Assuming his offense could gain a measly yard, Matt Nagy made the decision to go for it from a position that was well within range for kicker Cairo Santos. The result? A turnover on downs in a scoreless game, with precious momentum lost at a very early point in the game.

Fast forward to the 2nd quarter.

The Bears had the ball on their own 36-yard line facing 4th and 6 and trailing 3-0, still very much still in the game. Nagy called a fake punt that actually worked, getting the Bears the first down on a risky call that could have turned the tide of the game. But the Bears punted four plays later and once again ceded momentum to the home team.

The Titans ended up scoring before halftime when Ryan Tannehill connected with A.J. Brown on a 40-yard touchdown.
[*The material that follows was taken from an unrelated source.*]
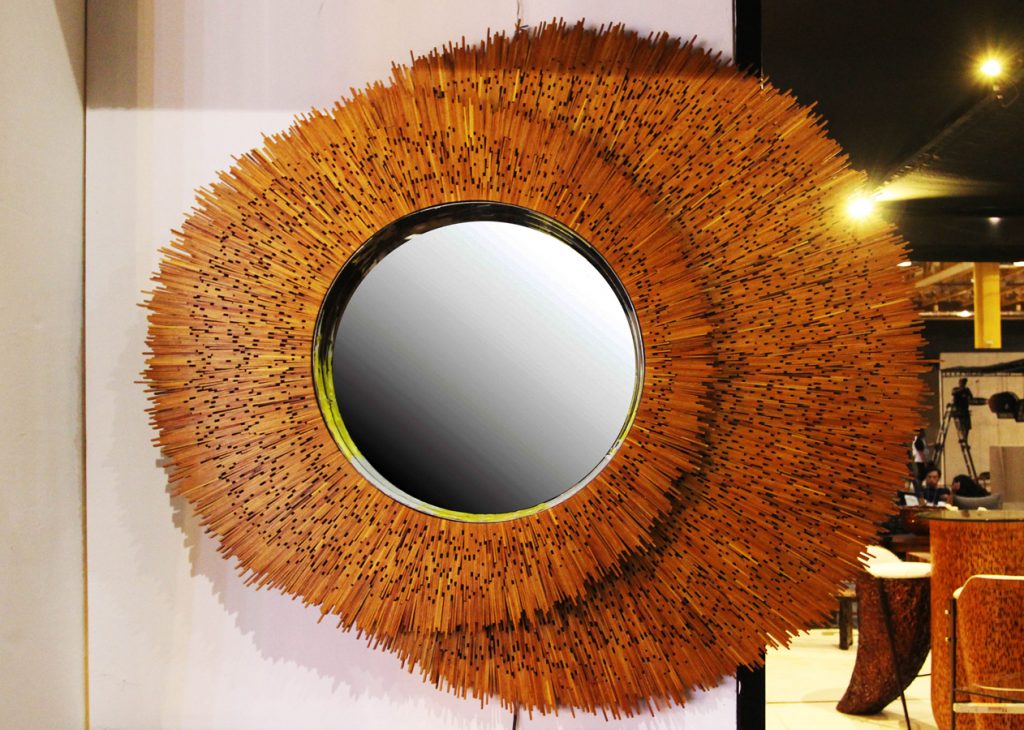 A strikingly beautiful mirror on wooden frame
That one play accounted for 25% of Tannehill’s total passing yards on Sunday and stood as a rare mistake for a Bears defensive unit that was playing well enough to win a low-scoring game.
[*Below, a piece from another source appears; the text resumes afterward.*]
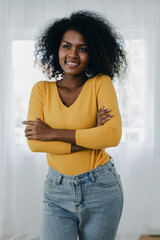 Portrait of African American woman with bushy curly hairstyle. young african american female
Trailing 10-0 to open the half, the Bears were still very much in contention. Similar to their first drive of the game, they popped a big play on their very first possession of the second half as Nick Foles connected with Anthony Miller for 34 yards to move the ball into Titans territory.

Once again, the Bears sputtered and were faced with 4th and 1 on the Titans’ 31-yard line. Once again, Nagy decided to go for it. Almost as though their actions were scripted by defeatist fans, the Bears committed not one, but two false starts that pushed them back out of field goal range and forced them to punt.

This illustrates the frustration that many Bears fans have with Nagy and his play-calling. Sure, it makes sense for most teams to go for it on 4th down in short-yardage situations and plus territory. But when you have one of the lowest-scoring offenses in the league playing behind a makeshift offensive line, the calculus changes a little. You try to score points when you have the chance.

It’s almost like Nagy doesn’t understand the situation he’s in, as if ignoring reality will somehow make his bad calls work. Sadly, it doesn’t work that way and Bears fans are starting to see that losing ugly isn’t any better than losing pretty.